• Your task:
Below are records; the lines starting at the one with "Wyld and Coco" and ending at the one with "The Skeleton Orchestra, Romantic" must be reproduced exactly, both included. Pictures must not appear.

• Records supplied:
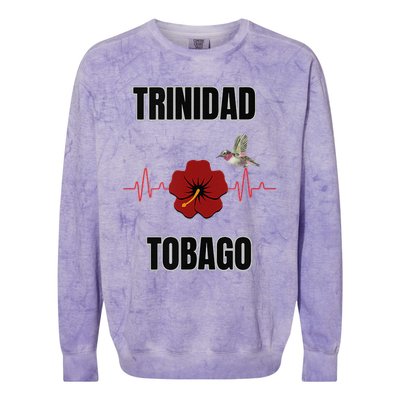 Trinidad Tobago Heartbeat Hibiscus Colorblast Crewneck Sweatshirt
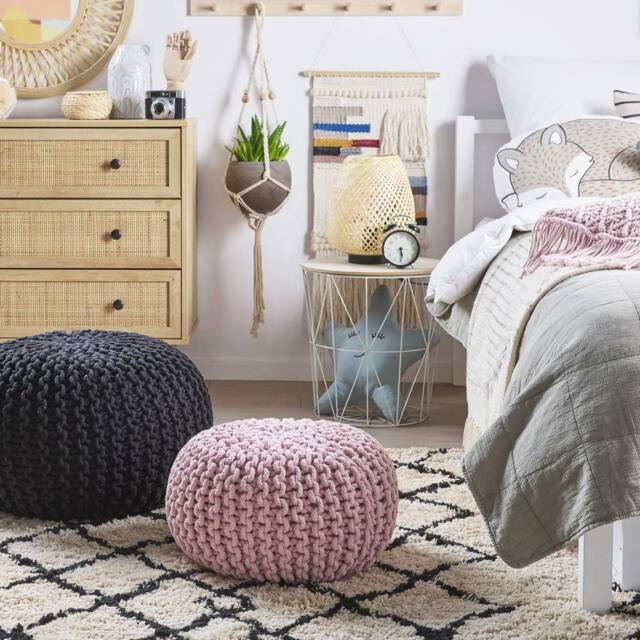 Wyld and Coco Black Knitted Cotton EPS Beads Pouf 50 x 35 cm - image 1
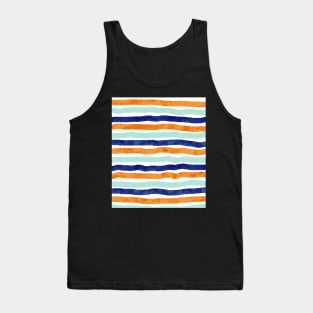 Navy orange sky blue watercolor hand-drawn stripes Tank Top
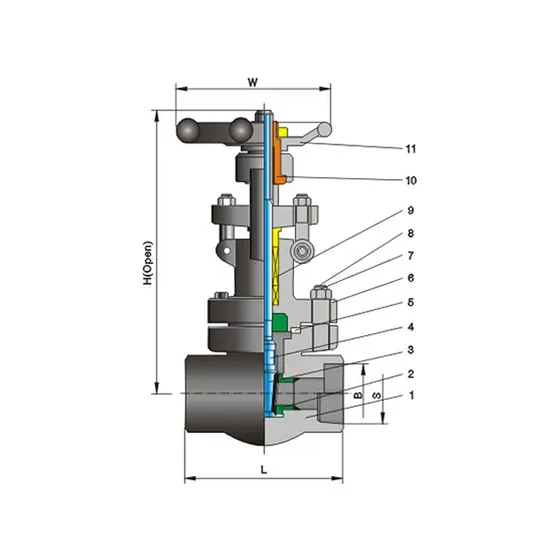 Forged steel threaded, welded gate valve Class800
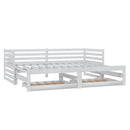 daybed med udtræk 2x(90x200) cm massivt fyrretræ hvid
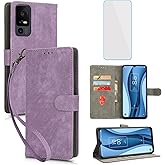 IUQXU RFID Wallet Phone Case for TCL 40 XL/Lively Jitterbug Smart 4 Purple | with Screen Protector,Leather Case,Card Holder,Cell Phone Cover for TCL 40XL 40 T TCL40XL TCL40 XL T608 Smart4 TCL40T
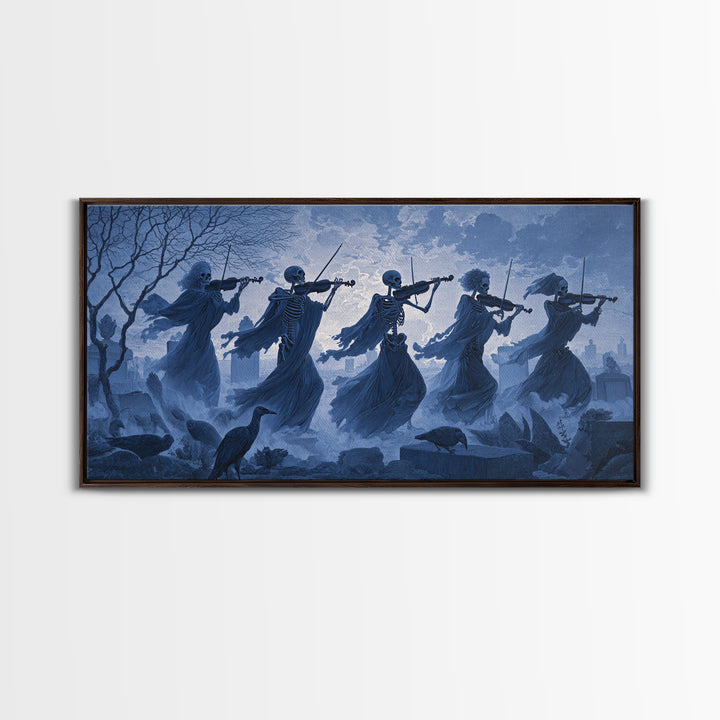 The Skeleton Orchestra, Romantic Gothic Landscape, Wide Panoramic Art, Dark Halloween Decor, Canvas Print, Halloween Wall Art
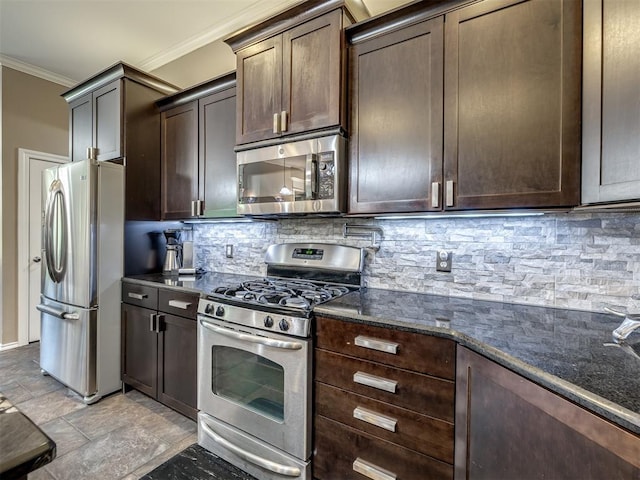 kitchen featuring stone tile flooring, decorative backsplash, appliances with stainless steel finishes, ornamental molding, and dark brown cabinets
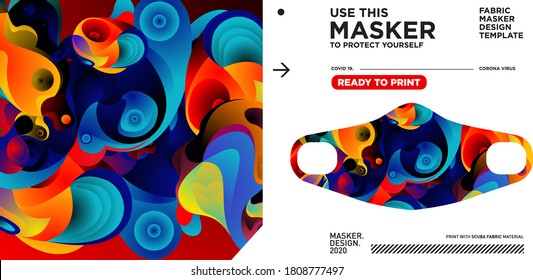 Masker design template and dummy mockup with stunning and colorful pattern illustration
---
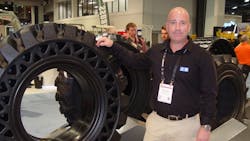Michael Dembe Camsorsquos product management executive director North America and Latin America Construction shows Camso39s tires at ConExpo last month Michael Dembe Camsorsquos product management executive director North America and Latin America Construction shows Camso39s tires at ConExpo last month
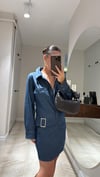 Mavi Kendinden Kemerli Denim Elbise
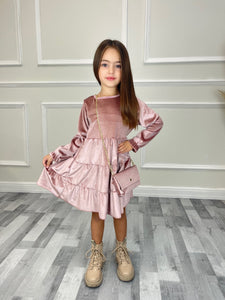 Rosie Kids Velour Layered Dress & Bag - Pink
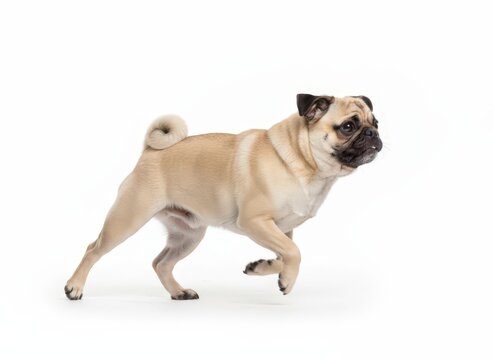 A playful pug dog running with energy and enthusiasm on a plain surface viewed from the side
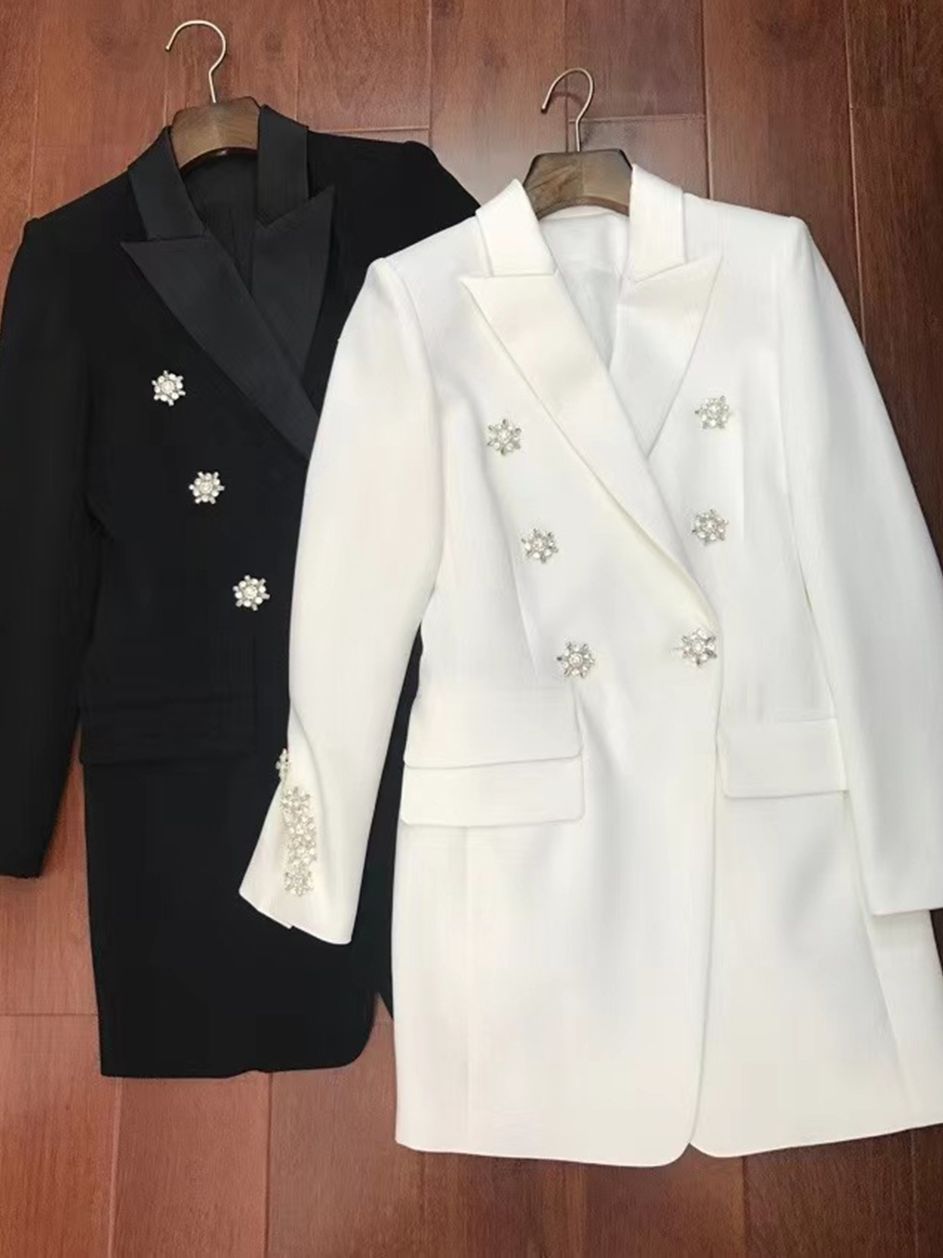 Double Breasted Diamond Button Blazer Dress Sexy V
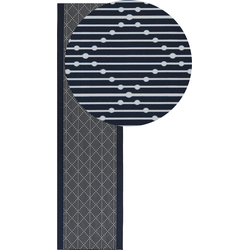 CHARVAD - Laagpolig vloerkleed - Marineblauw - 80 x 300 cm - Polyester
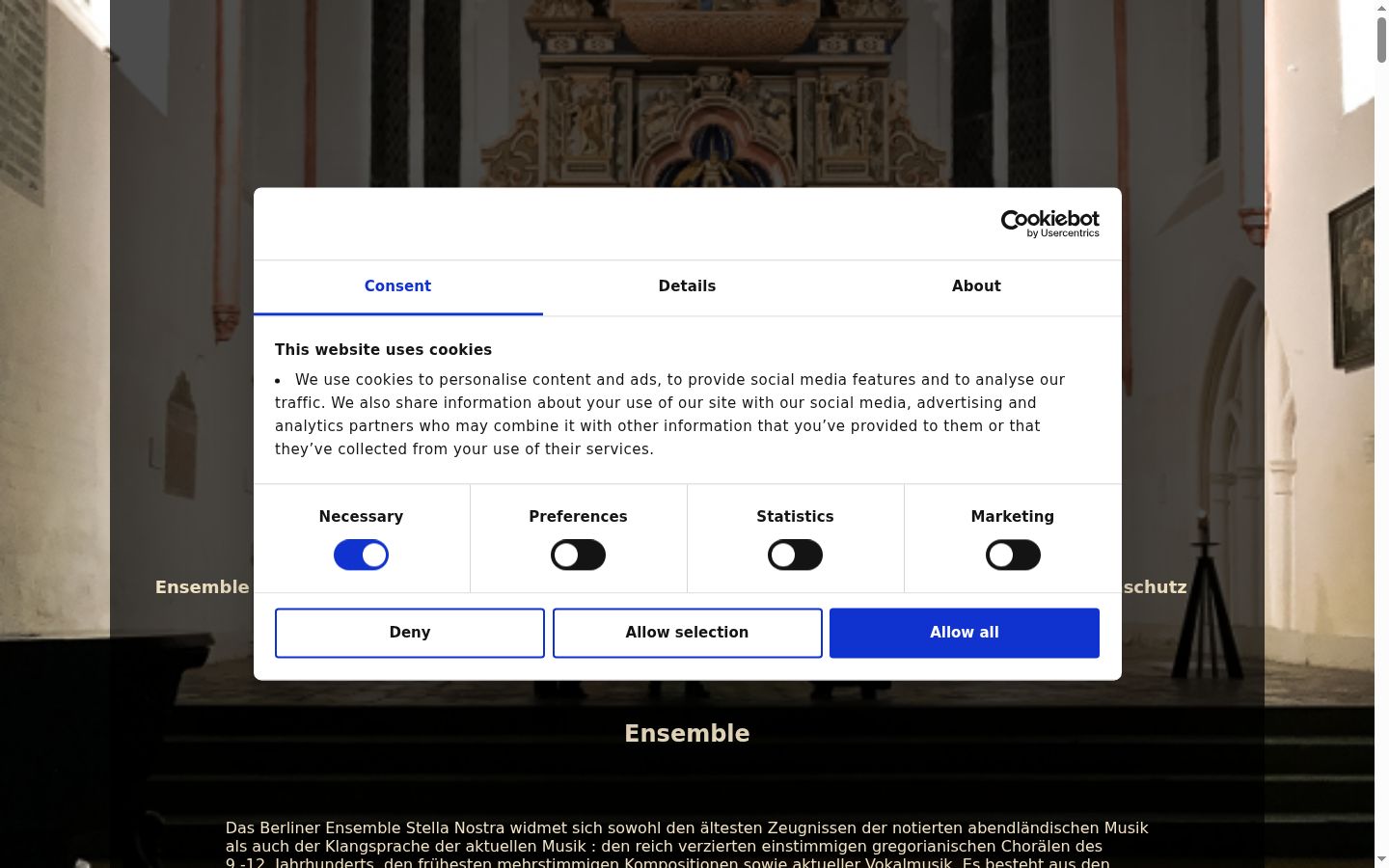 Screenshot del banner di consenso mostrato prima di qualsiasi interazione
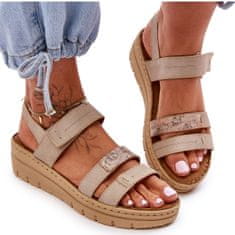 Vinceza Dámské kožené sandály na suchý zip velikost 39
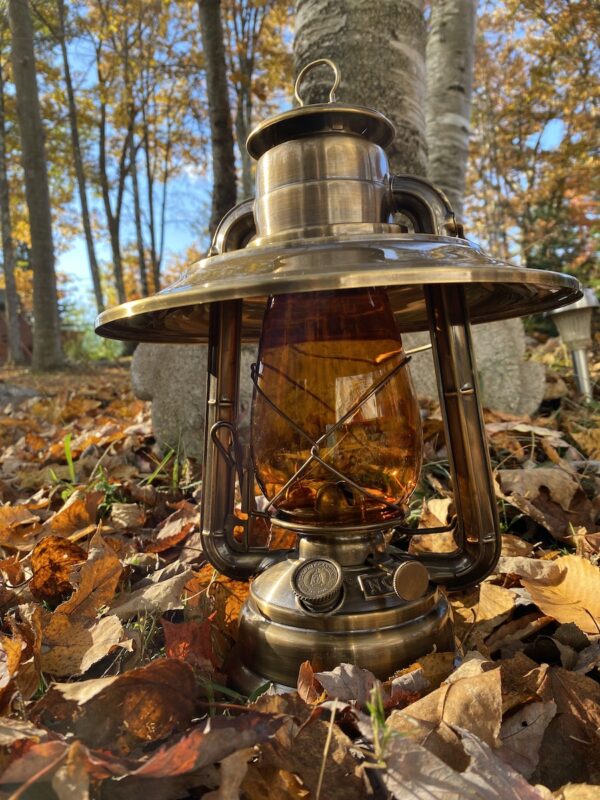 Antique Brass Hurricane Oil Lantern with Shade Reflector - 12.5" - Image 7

• Expected output:
 Wyld and Coco Black Knitted Cotton EPS Beads Pouf 50 x 35 cm - image 1
 Navy orange sky blue watercolor hand-drawn stripes Tank Top
 Forged steel threaded, welded gate valve Class800
 daybed med udtræk 2x(90x200) cm massivt fyrretræ hvid
 IUQXU RFID Wallet Phone Case for TCL 40 XL/Lively Jitterbug Smart 4 Purple | with Screen Protector,Leather Case,Card Holder,Cell Phone Cover for TCL 40XL 40 T TCL40XL TCL40 XL T608 Smart4 TCL40T
 The Skeleton Orchestra, Romantic Gothic Landscape, Wide Panoramic Art, Dark Halloween Decor, Canvas Print, Halloween Wall Art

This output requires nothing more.